Monday, Sep. 14, 1953
Housekeeping Problem
The United Nations ran into new troubles last week in its attempt to keep its big glass house to the satisfaction of its host. From a seven-man U.N. tribunal came a ruling that eleven Americans, fired from the U.N. staff because their loyalty to the U.S. was questioned, had been dismissed "illegally."
In the case of seven, the tribunal ordered U.N. Secretary General Dag Hammarskjold to pay legal fees of $300 each and damages ranging from $6,000 to $40,000 (for an "anthropologist and African specialist" whose field, the tribunal said, was so narrow he would be hard put to find a job elsewhere). The other four Hammarskjold was told to reinstate in their jobs. Ten of the eleven were Americans who had retired behind the Fifth Amendment last year when congressional probers asked them whether they were or had been Communists, and whether they were or ever had been engaged in espionage against the U.S. The eleventh was a woman who admitted to having been a Communist for one year in the '30s.

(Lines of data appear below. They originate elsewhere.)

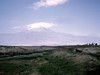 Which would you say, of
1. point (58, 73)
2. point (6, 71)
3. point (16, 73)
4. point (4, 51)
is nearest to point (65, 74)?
point (58, 73)

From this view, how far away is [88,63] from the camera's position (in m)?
47.9

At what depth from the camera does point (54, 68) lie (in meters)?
48.9

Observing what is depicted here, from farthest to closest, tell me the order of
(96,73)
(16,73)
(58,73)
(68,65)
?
(68,65) → (16,73) → (58,73) → (96,73)

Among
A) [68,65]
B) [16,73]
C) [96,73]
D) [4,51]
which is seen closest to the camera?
[96,73]

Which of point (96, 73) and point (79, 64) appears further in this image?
point (79, 64)

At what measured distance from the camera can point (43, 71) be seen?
46906 mm

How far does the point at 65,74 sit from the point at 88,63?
7.37 m

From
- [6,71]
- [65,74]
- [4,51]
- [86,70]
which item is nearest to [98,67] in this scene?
[86,70]

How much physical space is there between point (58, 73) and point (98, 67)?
8286 millimetres

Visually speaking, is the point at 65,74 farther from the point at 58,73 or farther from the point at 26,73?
the point at 26,73

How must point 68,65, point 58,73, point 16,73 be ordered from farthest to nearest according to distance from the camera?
point 68,65 < point 16,73 < point 58,73

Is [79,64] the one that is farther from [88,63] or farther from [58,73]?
[58,73]

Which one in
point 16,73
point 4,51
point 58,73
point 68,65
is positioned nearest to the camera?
point 58,73

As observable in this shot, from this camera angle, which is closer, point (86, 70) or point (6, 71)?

Of some 40 fired in the past year (all but one by Hammarskjold's predecessor, Trygve Lie), ten others had appealed for similar redress, but nine temporary employees were turned down by the tribunal, and another case was referred to the lower U.N. Board of Appeal.

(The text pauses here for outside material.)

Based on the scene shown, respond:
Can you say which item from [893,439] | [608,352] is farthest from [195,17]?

The tribunal's ruling brought protests in the U.S. The American Legion passed a resolution condemning the tribunal. Senator William Jenner, involved in the investigation that inspired the original firings, warned that the U.S. could withdraw its financial contribution to U.N.--some 331% of the U.N.'s $41 million budget --and Illinois' Representative Noah Mason was all for pulling out of the U.N. entirely.
But Dag Hammarskjold satisfied cooler U.S. minds by announcing that he would not rehire the four singled out by the tribunal, would award them damages instead. In all, the procedure may cost the U.N. between $135,000 and $185,000. But the U.S. Government, at any rate, seemed to feel it was worth that to keep such critters out of the international woodwork.